On the external side, "the global economy looks like it’s running on a single engine, the one of the U.S. The other three major ones are sort of stalling," he tells FINalternatives news service.
"The eurozone is at risk of deflation and triple-dip recession. Japan has been hurt by fiscal contraction following the consumption tax, and China is quite sharply slowing down." All that weakness can hurt the United States, Roubini warns.
An acceleration of the dollar's rise — the U.S currency hit a six-year peak against the yen and a two-year high against the dollar last month — also could damage the U.S. economy, he says. A stronger dollar depresses exports by making them more expensive in foreign currency terms.

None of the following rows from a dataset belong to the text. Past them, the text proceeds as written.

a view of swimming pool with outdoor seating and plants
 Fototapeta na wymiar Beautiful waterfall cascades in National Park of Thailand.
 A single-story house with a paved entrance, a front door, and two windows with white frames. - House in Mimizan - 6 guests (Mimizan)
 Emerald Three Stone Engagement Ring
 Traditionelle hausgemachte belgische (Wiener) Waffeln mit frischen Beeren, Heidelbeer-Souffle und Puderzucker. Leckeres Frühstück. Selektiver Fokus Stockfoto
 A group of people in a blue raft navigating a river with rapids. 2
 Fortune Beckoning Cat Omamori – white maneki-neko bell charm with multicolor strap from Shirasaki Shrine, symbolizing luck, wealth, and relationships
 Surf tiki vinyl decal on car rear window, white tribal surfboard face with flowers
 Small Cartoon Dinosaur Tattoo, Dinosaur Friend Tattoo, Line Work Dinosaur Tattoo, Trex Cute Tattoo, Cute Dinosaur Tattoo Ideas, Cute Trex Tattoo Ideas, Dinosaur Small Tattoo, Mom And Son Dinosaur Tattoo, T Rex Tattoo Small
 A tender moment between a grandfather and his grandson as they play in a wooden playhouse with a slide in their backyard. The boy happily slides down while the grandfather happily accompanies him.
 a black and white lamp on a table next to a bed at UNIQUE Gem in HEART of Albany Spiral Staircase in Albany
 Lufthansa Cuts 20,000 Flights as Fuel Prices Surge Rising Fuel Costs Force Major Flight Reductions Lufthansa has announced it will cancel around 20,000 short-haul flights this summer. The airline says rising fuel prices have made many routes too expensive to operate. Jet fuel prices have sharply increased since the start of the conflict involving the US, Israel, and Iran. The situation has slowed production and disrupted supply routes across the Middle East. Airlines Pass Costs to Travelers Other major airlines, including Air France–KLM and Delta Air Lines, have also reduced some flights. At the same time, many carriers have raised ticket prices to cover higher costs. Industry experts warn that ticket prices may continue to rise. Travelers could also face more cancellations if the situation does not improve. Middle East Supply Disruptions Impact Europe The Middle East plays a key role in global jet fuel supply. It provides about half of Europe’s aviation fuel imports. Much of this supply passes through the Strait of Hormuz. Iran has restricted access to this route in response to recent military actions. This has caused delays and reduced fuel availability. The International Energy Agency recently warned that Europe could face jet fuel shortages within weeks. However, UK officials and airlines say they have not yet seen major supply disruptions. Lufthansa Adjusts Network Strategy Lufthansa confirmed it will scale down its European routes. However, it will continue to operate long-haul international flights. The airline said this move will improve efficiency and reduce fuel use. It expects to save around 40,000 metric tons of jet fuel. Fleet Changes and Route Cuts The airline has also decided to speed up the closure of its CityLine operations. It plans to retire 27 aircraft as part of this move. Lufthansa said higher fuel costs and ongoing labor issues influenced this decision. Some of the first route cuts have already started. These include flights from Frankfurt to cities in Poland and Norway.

On the domestic side, it's not clear the economy can withstand higher interest rates from the Federal Reserve, Roubini says.
Doug Kass, president of hedge fund manager Seabreeze Partners Management, thinks the economy is too weak to allow Fed rate hikes before 2016.
"I think we’re approaching an ‘aha’ moment, when investors realize that growth isn’t going to emerge in the months ahead," he told The New York Times.
"People are losing sight of the fact that the Fed hasn’t raised rates since June 2006," he said. "I don’t see them raising rates for two or three more years."